Study material>
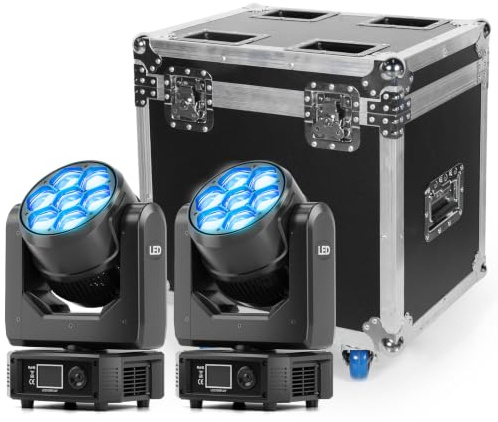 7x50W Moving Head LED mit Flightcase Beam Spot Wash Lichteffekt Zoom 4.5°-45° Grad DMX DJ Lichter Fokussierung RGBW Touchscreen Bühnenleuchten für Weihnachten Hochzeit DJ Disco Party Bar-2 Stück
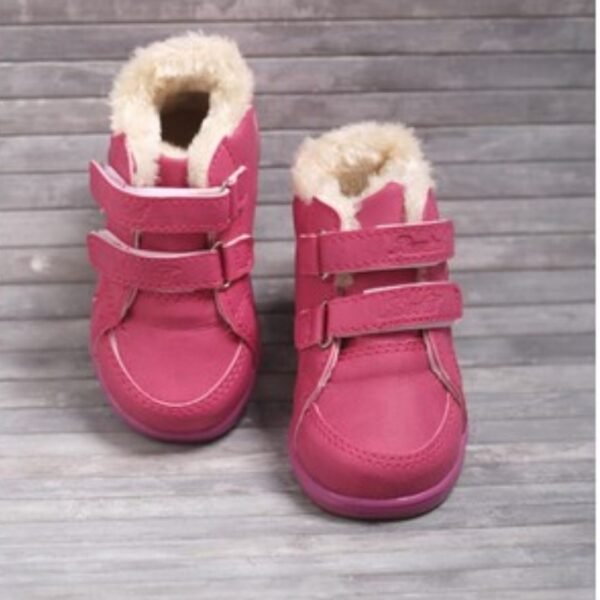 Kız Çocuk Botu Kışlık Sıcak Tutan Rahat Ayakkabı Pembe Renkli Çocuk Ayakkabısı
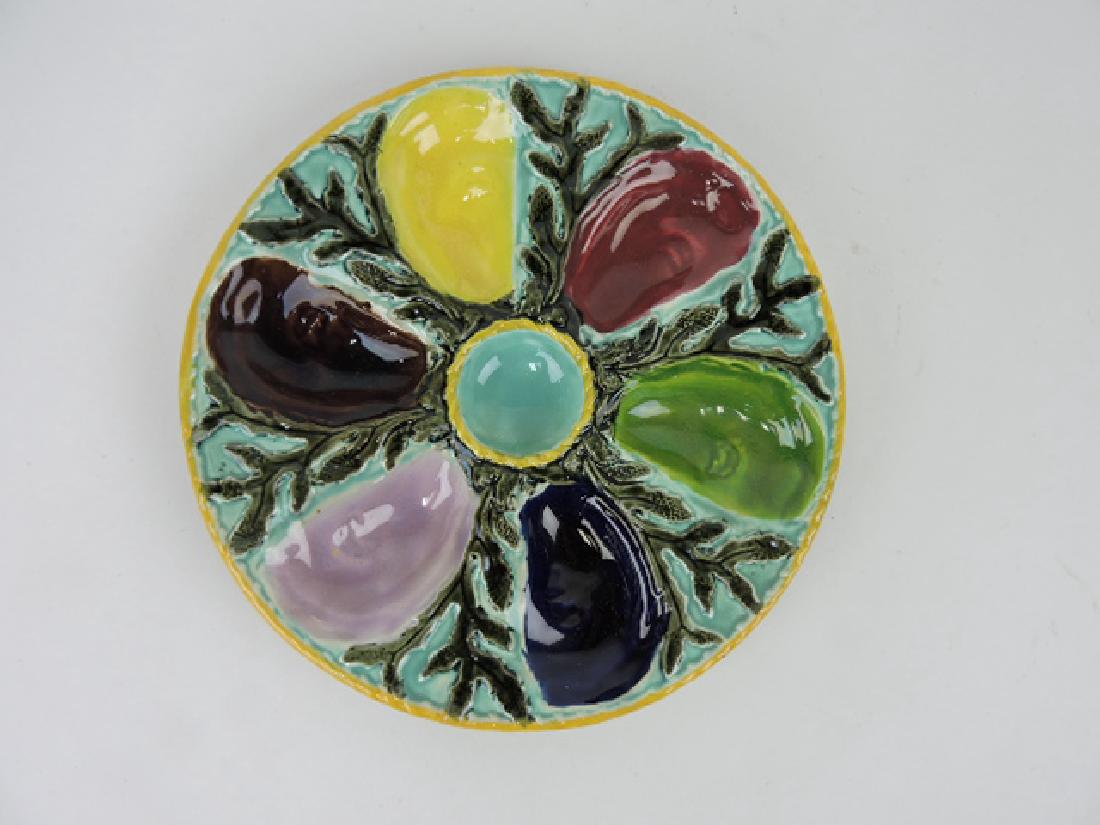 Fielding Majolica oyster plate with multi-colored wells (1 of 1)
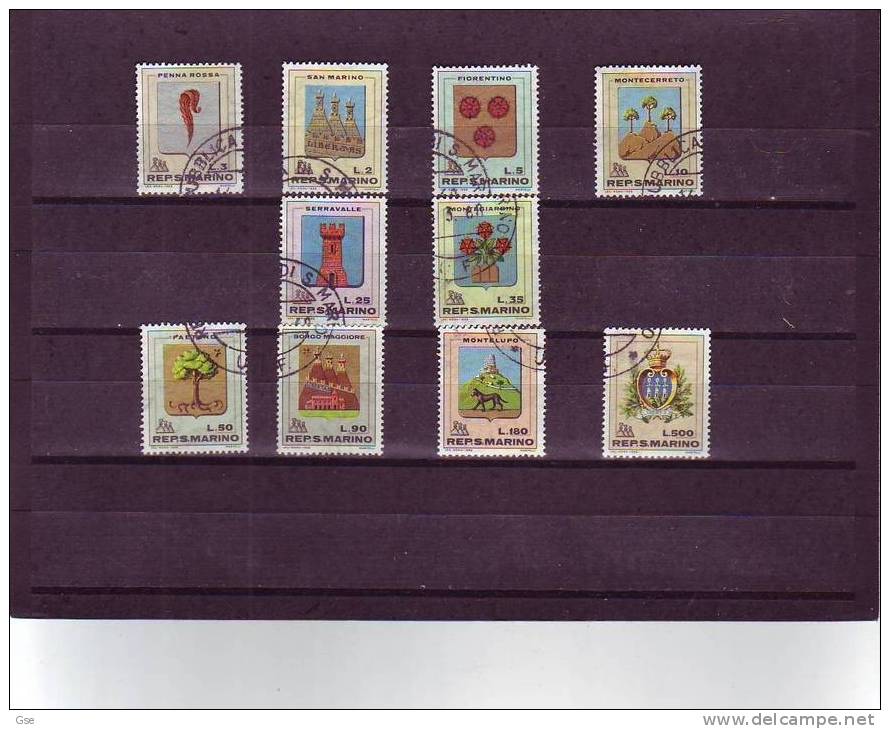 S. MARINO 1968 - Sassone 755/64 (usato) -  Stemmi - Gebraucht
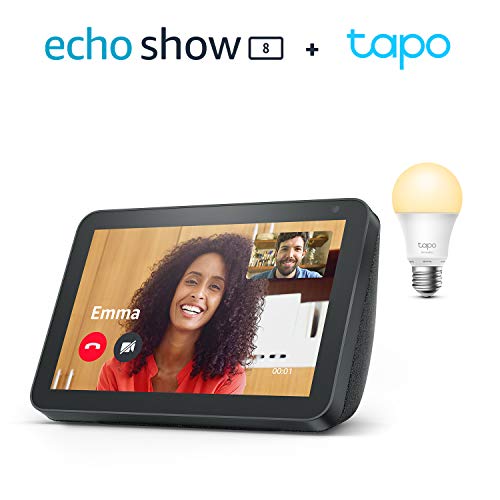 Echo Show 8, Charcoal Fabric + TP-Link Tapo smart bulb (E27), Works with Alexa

What the task asks>
From the line containing "S. MARINO 1968" through the final line of the listing above, reproduce every line exactly, with no pictures.

Response area>
 S. MARINO 1968 - Sassone 755/64 (usato) -  Stemmi - Gebraucht
 Echo Show 8, Charcoal Fabric + TP-Link Tapo smart bulb (E27), Works with Alexa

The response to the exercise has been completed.